### DESCRIPTION OF THE TASK
A faithful copy is required: transcribe each line below exactly, minus the pictures.

### EXERCISE DATA

***

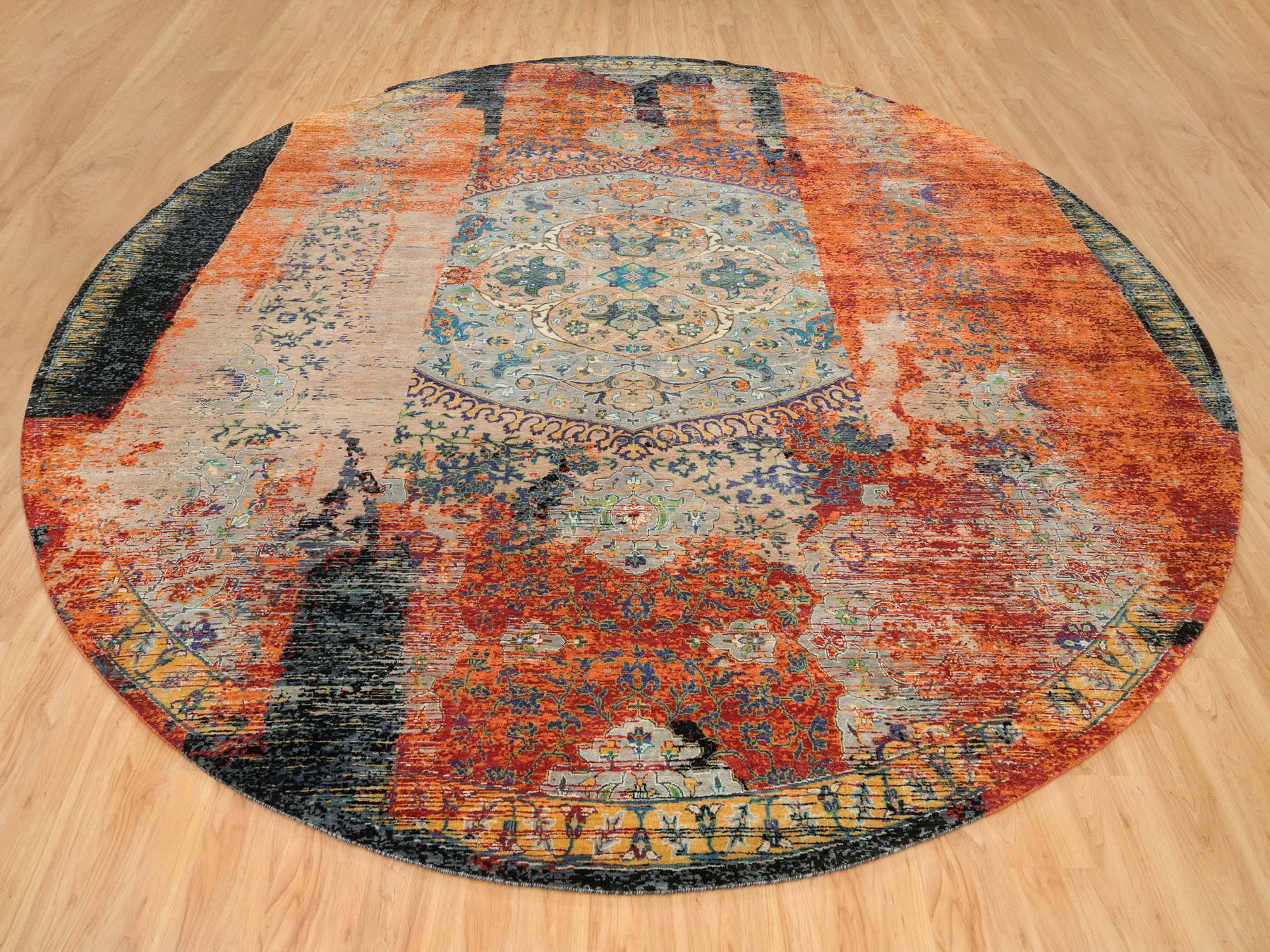 Transitional hand-knotted wool rug in Orange, 14' x 14' — SKU O065925 (view 2)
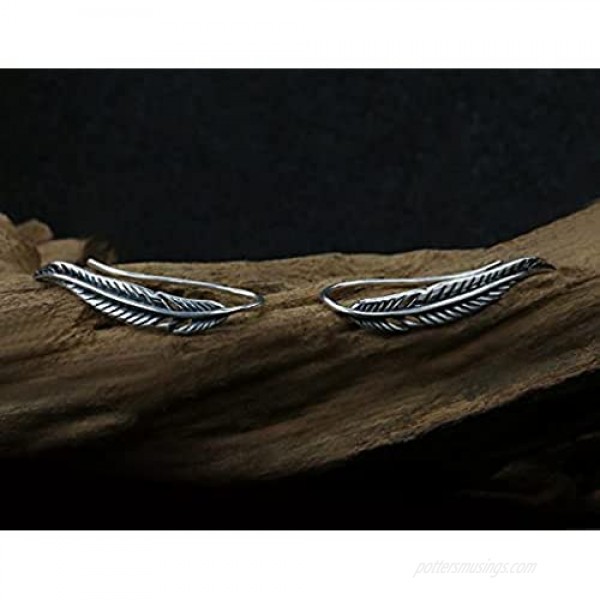 SLUYNZ 925 Sterling Silver Feather Crawler Earrings for Women Teen Girls Climber Earrings Cuff Earrings Wrap (Feather Earrings)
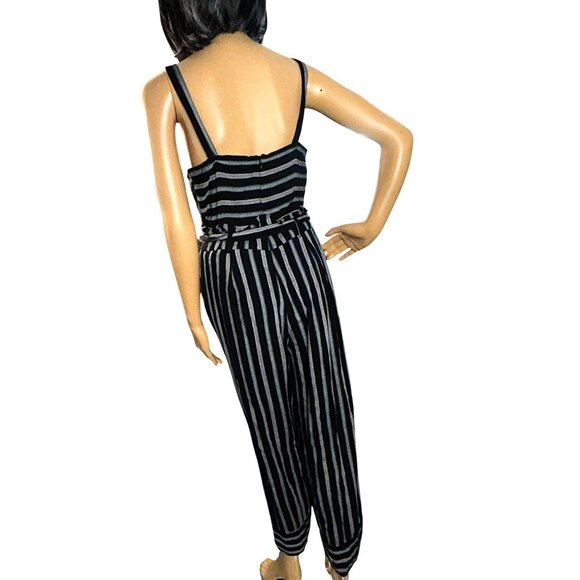 Harper Womens Sleeveless Stripe Jumpsuit with Belt Size M Avant garde Y2K Boho - Picture 4 of 12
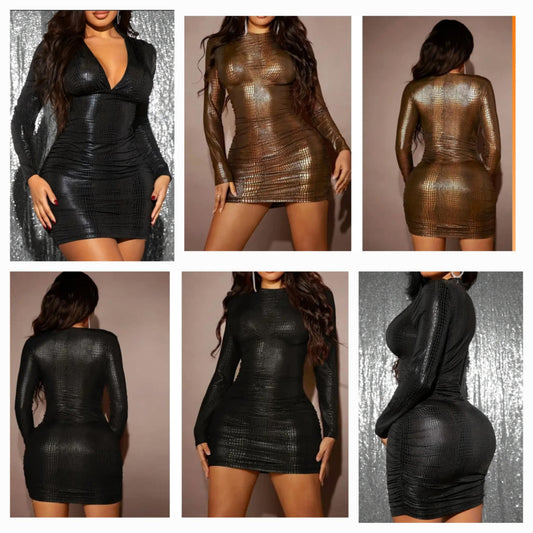 Faux Leather Dress Long Sleeve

***

### OUTPUT OF THE TASK
 Transitional hand-knotted wool rug in Orange, 14' x 14' — SKU O065925 (view 2)
 SLUYNZ 925 Sterling Silver Feather Crawler Earrings for Women Teen Girls Climber Earrings Cuff Earrings Wrap (Feather Earrings)
 Harper Womens Sleeveless Stripe Jumpsuit with Belt Size M Avant garde Y2K Boho - Picture 4 of 12
 Faux Leather Dress Long Sleeve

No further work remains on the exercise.